>>>
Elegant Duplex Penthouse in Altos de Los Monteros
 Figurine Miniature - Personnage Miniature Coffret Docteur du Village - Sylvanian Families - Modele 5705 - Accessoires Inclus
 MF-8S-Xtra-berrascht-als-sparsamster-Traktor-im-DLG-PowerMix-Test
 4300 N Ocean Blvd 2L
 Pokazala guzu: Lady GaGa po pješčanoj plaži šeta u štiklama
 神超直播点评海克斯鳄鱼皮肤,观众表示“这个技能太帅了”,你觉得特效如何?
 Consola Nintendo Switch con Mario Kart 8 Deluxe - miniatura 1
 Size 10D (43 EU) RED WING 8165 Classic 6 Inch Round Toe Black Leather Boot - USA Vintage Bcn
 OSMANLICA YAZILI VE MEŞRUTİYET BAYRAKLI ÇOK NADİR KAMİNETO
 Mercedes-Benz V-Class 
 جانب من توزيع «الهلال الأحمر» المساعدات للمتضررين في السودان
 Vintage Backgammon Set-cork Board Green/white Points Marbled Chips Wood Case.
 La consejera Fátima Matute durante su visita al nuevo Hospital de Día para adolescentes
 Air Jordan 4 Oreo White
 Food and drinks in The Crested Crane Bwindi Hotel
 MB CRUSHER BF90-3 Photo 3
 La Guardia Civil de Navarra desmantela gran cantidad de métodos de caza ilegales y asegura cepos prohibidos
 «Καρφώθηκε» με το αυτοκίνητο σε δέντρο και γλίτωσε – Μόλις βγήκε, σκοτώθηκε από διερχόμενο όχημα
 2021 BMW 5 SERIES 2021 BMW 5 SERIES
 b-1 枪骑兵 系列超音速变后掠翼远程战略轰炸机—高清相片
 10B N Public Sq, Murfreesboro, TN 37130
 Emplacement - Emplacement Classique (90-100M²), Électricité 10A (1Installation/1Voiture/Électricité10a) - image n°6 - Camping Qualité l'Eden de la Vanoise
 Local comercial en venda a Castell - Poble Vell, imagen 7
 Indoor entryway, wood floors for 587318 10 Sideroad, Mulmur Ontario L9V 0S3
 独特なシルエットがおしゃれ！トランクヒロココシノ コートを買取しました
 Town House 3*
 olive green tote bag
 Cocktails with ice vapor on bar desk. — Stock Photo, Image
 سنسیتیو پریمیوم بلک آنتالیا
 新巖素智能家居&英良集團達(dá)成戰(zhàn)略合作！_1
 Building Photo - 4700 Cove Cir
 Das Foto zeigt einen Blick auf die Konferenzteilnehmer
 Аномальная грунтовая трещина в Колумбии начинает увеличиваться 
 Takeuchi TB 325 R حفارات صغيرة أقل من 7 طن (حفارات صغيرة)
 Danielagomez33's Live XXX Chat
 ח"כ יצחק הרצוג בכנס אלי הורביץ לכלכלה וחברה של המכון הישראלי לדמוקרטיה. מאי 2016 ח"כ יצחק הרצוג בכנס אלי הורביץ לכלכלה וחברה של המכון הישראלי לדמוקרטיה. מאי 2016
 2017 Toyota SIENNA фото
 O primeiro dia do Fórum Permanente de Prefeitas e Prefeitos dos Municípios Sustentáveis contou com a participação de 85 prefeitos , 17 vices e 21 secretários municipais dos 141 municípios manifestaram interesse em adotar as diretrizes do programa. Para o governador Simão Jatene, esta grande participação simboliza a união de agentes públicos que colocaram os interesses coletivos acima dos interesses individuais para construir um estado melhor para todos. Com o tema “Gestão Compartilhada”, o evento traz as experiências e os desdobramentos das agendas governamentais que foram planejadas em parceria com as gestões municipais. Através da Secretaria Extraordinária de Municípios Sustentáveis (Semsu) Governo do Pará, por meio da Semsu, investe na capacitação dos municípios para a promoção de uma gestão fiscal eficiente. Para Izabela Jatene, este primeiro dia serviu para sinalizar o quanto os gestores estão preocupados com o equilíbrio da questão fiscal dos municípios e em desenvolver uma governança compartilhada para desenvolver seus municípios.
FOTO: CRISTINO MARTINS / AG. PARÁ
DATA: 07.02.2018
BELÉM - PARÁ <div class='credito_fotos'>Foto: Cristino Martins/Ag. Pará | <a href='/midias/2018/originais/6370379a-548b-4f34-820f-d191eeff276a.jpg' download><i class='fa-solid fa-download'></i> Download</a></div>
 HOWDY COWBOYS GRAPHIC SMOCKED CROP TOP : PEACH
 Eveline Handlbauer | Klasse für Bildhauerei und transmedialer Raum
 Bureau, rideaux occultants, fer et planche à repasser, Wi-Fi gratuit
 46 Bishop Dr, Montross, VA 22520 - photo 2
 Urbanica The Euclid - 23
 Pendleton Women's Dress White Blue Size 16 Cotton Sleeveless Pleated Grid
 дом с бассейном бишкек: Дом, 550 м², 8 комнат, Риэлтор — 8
<<<
### Task to complete
Report how many lines of the entries hold the word "Vintage". Nothing else is needed.

### Your response
2